Kirchen zur Weihnacht: Not der Flüchtlinge schreit zum Himmel
Zu Weihnachten mahnen die evangelischen Kirchen eine humanere Flüchtlingspolitik an. "Die Not schreit zum Himmel", erklärte der Ratsvorsitzende der Evangelischen Kirche in Deutschland (EKD), Nikolaus Schneider, am Montag. Europa drohe seine Seele zu verlieren, sagte Schneider mit Blick auf die zwei Schiffsunglücke vor der Insel Lampedusa Anfang Oktober mit rund 400 ertrunkenen Migranten. Man dürfe dieser Situation nicht länger tatenlos zusehen.

Die biblische Fluchtgeschichte der Familie Jesu verweise "auf die vielen Fluchtgeschichten unserer Tage: Allein der furchtbare Bürgerkrieg in Syrien hat Millionen entwurzelt und aus dem Land getrieben".Auch Deutschland müsse mehr tun, fügte der EKD-Ratsvorsitzende hinzu: "Als eines der reichsten Länder der Erde müssen wir unsere Anstrengungen im neuen Jahr deutlich verstärken". Auch die Kirchen dürften nicht nachlassen, neue Wege zu suchen, um das Elend der Flüchtlinge zu lindern.

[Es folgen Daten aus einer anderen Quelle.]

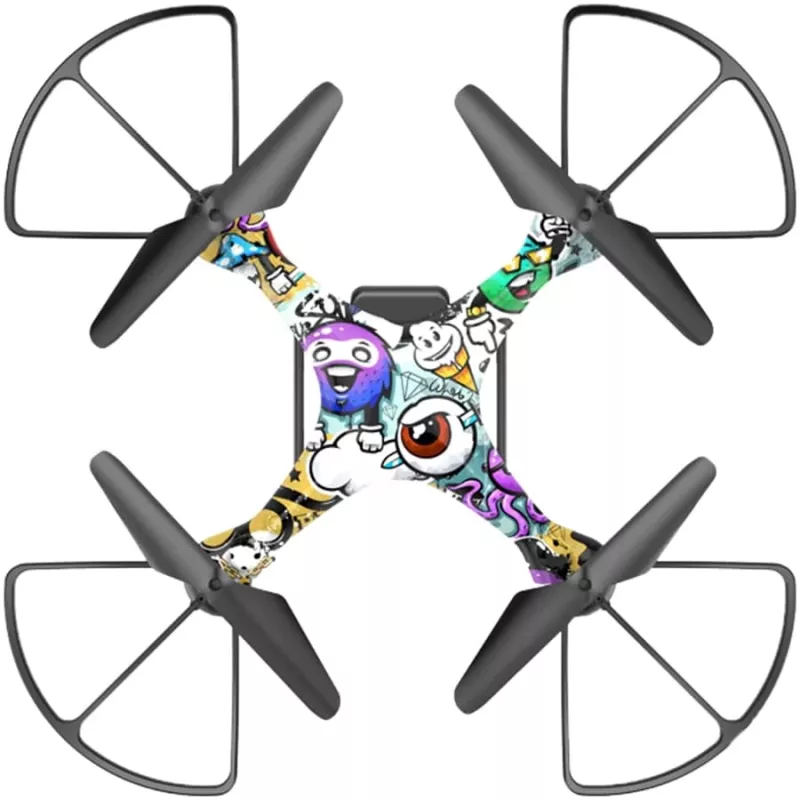 Dron Denver 2,4 GHz z kamerą HD i utrzymywaniem wysokości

Zum Schutz von Migranten und Flüchtlingen riefen auch der Lutherische Weltbund (LWB) und der Weltkirchenrat auf. Die christliche Botschaft gelte allen, die unterdrückt werden, in Armut leben sowie allen Menschen ohne Hoffnung, erklärte der LWB-Präsident, der palästinensische Bischof Munib A. Younan. Der 1947 gegründete LWB mit Sitz in Genf repräsentiert rund 70 Millionen Christen in 79 Ländern. Der Ökumenische Rat der Kirchen (ÖRK) verlangte mehr Hilfe für verfolgte Menschen im Nahen Osten sowie dem Kongo. Dem 1948 gegründeten Zusammenschluss gehören mehr als 340 Mitgliedskirchen an, zusammen zählen sie über 500 Millionen Christen aus protestantischen, orthodoxen, anglikanischen und anderen Traditionen.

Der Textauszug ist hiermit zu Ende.